WiC (Word in Context): Identifying whether a polysemous word used in multiple sentences is being used with the same sense across sentences or not.
WSC (Winograd Schema Challenge, ): A conference resolution task where sentences include pronouns and noun phrases from the sentence. The goal is to identify the correct reference to a noun phrase corresponding to the pronoun.
Table 1 offers a summary of the results from SuperGLUE across different models. CBOW baselines are generally close to roughly chance performance. BERT, on the other hand, increased the SuperGLUE score by 25 points and had the highest improvement on most tasks, especially MultiRCC, ReCoRD, and RTE. WSC is trickier for BERT, potentially owing to the small dataset size.
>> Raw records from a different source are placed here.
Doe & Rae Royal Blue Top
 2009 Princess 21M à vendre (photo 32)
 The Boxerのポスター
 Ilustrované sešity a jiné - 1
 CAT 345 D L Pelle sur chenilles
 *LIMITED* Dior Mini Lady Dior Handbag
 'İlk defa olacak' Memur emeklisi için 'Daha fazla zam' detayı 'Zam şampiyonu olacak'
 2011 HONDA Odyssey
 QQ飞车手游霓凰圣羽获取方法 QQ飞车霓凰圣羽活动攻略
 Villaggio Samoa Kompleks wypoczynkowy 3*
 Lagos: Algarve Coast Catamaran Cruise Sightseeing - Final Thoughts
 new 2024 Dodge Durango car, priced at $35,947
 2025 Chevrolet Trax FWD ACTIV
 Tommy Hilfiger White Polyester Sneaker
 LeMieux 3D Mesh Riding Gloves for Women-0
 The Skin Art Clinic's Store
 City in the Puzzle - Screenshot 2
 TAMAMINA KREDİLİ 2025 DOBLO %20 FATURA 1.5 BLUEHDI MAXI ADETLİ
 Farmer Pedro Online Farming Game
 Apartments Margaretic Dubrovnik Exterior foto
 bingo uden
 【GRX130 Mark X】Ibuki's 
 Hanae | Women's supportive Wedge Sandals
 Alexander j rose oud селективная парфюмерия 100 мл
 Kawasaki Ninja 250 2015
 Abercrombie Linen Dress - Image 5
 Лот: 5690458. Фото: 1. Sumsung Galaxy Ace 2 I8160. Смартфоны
BERT++ increases BERT’s performance even further. However, achieving the goal of the benchmark, the best model/score still lags behind compared to human performance. The large gaps should be relatively tricky for models to close in on. The biggest margin is for WSC with 35 points and CV, RTE, BoolQ, WiC all have 10 point margins.
SuperGLUE fills the gap that GLUE has created owing to its inability to keep up with the SOTA in NLP. The new language tasks that the benchmark offers are built to be more robust and difficult to solve for NLP models. With the difference in model accuracy being around 10-35 points across all tasks, SuperGLUE is definitely going to be around for some time before the models catch up to it, as well. Overall, this is a significant contribution to improve general-purpose natural language understanding.
This is quite a fascinating read where the authors of the gold-standard benchmark have essentially conceded to the progress in NLP. Bowman’s team resorting to creating a new benchmark altogether to keep up with the rapid pace of increase in NLP makes me wonder if these benchmarks are inherently flawed. Applying the idea of Wittgenstein’s Ruler, are we measuring the performance of models using the benchmark, or the quality of benchmarks using the models?
I’m curious how long SuperGLUE would stay relevant owing to advances in NLP. GPT-3, released in June 2020, has outperformed GPT-2 and BERT by a huge margin, given the 100x increase in parameters (175B Parameters over ~600GB for GPT-3, compared to 1.5B parameters over 40GB for GPT-2). In October 2020, a new deep learning technique (Pattern Exploiting Training) managed to train a Transformer NLP model with 223M parameters (roughly 0.01% parameters of GPT-3) and outperformed GPT-3 by 3 points on SuperGLUE. With the field improving so rapidly, I think superGLUE is nothing but a bandaid for the benchmarking tasks that will turn obsolete in no time.